Our tour guide introduced me to an Australian Aborigine concept; the Aborigine believed that one’s spirit is connected to the land that they are born. They could never understand how the English traveled thousands of miles to live in a foreign land, thereby never really estimating their need to “conquer” their land.
I have heard similar stories from my paternal grandmother, my Dadi, how she believed that her soul was connected with her land of birth in Kumilla. Even though she lived in Dhaka for most of her life, I have heard the fond stories about her parents’ home in rural Bangladesh.

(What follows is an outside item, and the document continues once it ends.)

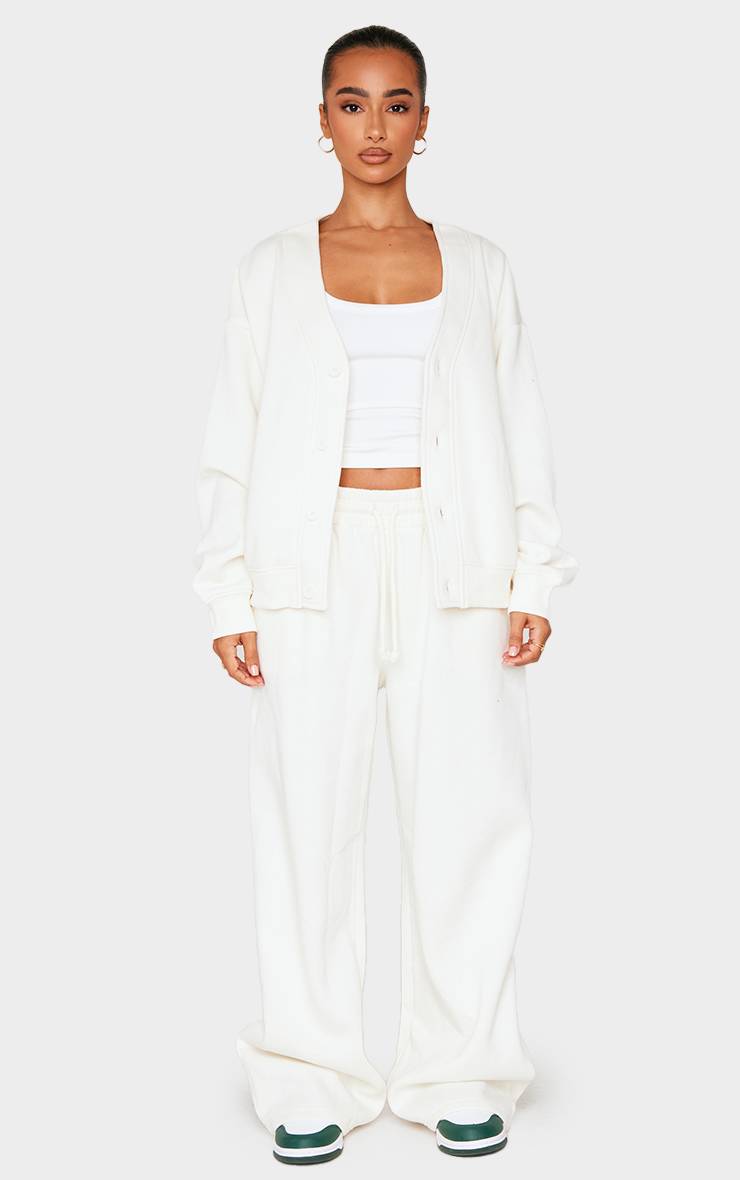 Crème Sweat Petite Avec Boutons Et Poches Latérales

For many of us, living in lands far away from where we were born, such a statement – sentiment, is both unsettling and disturbing; we search for meaning in the land where we live, but parts of us remain connected to where we were born.
Does this mean that our spirits are fractured? Distributed into many little spirits? Or is it simply that our spirits have lost connection with mother Earth?
Since these are almost impossible questions to answer, using rational facts and figures, one must develop their own hypothesis – paradigm – to give meaning to our existence. One may look at this as another form of rationalization (to fit our needs).
In this lifetime, I believe, I have experienced five different births.
Of course, there is the physical birth. But it feels as if I was re-born the day I stepped foot in the United States and made this my new home. The day we married, my life took on another new dimension; the day each of our children were born, I became a new person.
Maybe that’s why, I feel happy in all these birthplaces that my life: Columbia, Missouri; Oshkosh, Wisconsin; Toledo, Ohio and Denver, Colorado – in addition to Dhaka, Bangladesh.
My soul is connected to all these places.
Recently, I had the opportunity to visit Columbia, Missouri – after almost ten years. On the sunny fall morning, as I drove by Cramer Hall, or walked into Brady Commons, my heart beat faster. I could see myself walking with a backpack, exploring my new gift of life. Like a child learning to play with a new set of blocks. I was instantly happy.
It’s amazing, how life turns, like a river, in different angles, sometimes abruptly – others, modestly – very rarely with a strategic plan of its own.
Fractured or not, distributed or not, my spirit has been enriched by its five re-births . Like the meandering river of life, my spirit maybe enriched by the dry air of Denver or the moist rainfall of the Erie – the calm of Lake Winnebago or the simplicity of the Missouri.
I could not have planned the journey of my traveling spirit. I just happened to be there, as the river of my life turned in one direction or another.
It’s difficult to project where exactly this river will meet the ocean; so far, I have been fortunate by its different turns, in beautiful places – surrounded by friends and family that care. When that day arrives, today or tomorrow, I pray, the many layers of my spirit are nourished by the smells, sights, friendships and melodies of its many births and transcends peacefully to (at least) its five places of birth.